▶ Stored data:
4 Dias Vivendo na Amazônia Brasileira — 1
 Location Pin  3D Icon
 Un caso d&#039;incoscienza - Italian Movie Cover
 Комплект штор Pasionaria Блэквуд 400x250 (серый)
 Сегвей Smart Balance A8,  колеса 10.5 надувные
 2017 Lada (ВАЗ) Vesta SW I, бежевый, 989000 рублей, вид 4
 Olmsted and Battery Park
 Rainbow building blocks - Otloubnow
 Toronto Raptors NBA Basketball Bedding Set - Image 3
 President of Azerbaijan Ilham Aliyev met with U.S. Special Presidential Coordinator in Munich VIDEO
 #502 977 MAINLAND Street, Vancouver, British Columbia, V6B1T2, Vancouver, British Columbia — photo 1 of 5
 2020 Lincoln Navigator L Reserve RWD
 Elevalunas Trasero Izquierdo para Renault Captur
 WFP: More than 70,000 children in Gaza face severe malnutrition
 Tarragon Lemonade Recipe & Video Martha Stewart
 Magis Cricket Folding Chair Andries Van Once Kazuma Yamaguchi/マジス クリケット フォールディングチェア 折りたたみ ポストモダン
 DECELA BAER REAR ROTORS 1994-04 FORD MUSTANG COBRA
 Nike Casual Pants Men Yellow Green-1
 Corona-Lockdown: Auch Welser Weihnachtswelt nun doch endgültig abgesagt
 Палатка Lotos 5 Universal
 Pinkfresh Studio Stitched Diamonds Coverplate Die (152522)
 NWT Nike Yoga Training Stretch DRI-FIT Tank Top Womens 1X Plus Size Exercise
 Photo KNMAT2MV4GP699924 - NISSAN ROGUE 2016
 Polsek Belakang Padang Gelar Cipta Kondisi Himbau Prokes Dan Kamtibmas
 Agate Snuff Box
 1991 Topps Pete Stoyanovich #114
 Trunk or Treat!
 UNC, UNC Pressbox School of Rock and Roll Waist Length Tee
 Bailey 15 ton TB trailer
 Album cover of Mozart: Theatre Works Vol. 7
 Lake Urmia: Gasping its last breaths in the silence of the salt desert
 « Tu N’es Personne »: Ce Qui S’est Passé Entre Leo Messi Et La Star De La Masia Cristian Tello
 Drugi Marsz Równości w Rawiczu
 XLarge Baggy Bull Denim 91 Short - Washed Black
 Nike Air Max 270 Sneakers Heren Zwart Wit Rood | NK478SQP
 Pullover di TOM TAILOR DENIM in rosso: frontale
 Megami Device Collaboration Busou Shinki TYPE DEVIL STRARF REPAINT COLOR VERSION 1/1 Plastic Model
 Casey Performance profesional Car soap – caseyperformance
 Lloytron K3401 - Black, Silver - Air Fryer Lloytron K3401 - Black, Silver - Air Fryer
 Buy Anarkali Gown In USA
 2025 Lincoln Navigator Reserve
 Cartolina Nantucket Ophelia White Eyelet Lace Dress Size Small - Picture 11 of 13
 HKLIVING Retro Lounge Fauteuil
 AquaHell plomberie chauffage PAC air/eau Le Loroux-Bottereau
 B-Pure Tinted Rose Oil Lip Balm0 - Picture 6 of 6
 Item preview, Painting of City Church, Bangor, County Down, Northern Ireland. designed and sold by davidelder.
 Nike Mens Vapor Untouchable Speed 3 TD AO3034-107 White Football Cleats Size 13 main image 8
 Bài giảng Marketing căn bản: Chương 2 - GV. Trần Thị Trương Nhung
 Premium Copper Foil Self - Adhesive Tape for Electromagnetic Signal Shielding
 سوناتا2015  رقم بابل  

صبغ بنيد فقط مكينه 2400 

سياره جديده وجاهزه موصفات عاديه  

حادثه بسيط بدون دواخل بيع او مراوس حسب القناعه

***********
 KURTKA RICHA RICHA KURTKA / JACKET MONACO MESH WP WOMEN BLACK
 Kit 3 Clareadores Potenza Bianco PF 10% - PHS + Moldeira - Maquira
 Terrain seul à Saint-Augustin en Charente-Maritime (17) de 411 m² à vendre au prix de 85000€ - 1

▶ TASK TO CARRY OUT: When you transcribe the records above, keep every line exactly the same.

▶ WRITTEN RESPONSE:
4 Dias Vivendo na Amazônia Brasileira — 1
 Location Pin  3D Icon
 Un caso d&#039;incoscienza - Italian Movie Cover
 Комплект штор Pasionaria Блэквуд 400x250 (серый)
 Сегвей Smart Balance A8,  колеса 10.5 надувные
 2017 Lada (ВАЗ) Vesta SW I, бежевый, 989000 рублей, вид 4
 Olmsted and Battery Park
 Rainbow building blocks - Otloubnow
 Toronto Raptors NBA Basketball Bedding Set - Image 3
 President of Azerbaijan Ilham Aliyev met with U.S. Special Presidential Coordinator in Munich VIDEO
 #502 977 MAINLAND Street, Vancouver, British Columbia, V6B1T2, Vancouver, British Columbia — photo 1 of 5
 2020 Lincoln Navigator L Reserve RWD
 Elevalunas Trasero Izquierdo para Renault Captur
 WFP: More than 70,000 children in Gaza face severe malnutrition
 Tarragon Lemonade Recipe & Video Martha Stewart
 Magis Cricket Folding Chair Andries Van Once Kazuma Yamaguchi/マジス クリケット フォールディングチェア 折りたたみ ポストモダン
 DECELA BAER REAR ROTORS 1994-04 FORD MUSTANG COBRA
 Nike Casual Pants Men Yellow Green-1
 Corona-Lockdown: Auch Welser Weihnachtswelt nun doch endgültig abgesagt
 Палатка Lotos 5 Universal
 Pinkfresh Studio Stitched Diamonds Coverplate Die (152522)
 NWT Nike Yoga Training Stretch DRI-FIT Tank Top Womens 1X Plus Size Exercise
 Photo KNMAT2MV4GP699924 - NISSAN ROGUE 2016
 Polsek Belakang Padang Gelar Cipta Kondisi Himbau Prokes Dan Kamtibmas
 Agate Snuff Box
 1991 Topps Pete Stoyanovich #114
 Trunk or Treat!
 UNC, UNC Pressbox School of Rock and Roll Waist Length Tee
 Bailey 15 ton TB trailer
 Album cover of Mozart: Theatre Works Vol. 7
 Lake Urmia: Gasping its last breaths in the silence of the salt desert
 « Tu N’es Personne »: Ce Qui S’est Passé Entre Leo Messi Et La Star De La Masia Cristian Tello
 Drugi Marsz Równości w Rawiczu
 XLarge Baggy Bull Denim 91 Short - Washed Black
 Nike Air Max 270 Sneakers Heren Zwart Wit Rood | NK478SQP
 Pullover di TOM TAILOR DENIM in rosso: frontale
 Megami Device Collaboration Busou Shinki TYPE DEVIL STRARF REPAINT COLOR VERSION 1/1 Plastic Model
 Casey Performance profesional Car soap – caseyperformance
 Lloytron K3401 - Black, Silver - Air Fryer Lloytron K3401 - Black, Silver - Air Fryer
 Buy Anarkali Gown In USA
 2025 Lincoln Navigator Reserve
 Cartolina Nantucket Ophelia White Eyelet Lace Dress Size Small - Picture 11 of 13
 HKLIVING Retro Lounge Fauteuil
 AquaHell plomberie chauffage PAC air/eau Le Loroux-Bottereau
 B-Pure Tinted Rose Oil Lip Balm0 - Picture 6 of 6
 Item preview, Painting of City Church, Bangor, County Down, Northern Ireland. designed and sold by davidelder.
 Nike Mens Vapor Untouchable Speed 3 TD AO3034-107 White Football Cleats Size 13 main image 8
 Bài giảng Marketing căn bản: Chương 2 - GV. Trần Thị Trương Nhung
 Premium Copper Foil Self - Adhesive Tape for Electromagnetic Signal Shielding
 سوناتا2015  رقم بابل  

صبغ بنيد فقط مكينه 2400 

سياره جديده وجاهزه موصفات عاديه  

حادثه بسيط بدون دواخل بيع او مراوس حسب القناعه

***********
 KURTKA RICHA RICHA KURTKA / JACKET MONACO MESH WP WOMEN BLACK
 Kit 3 Clareadores Potenza Bianco PF 10% - PHS + Moldeira - Maquira
 Terrain seul à Saint-Augustin en Charente-Maritime (17) de 411 m² à vendre au prix de 85000€ - 1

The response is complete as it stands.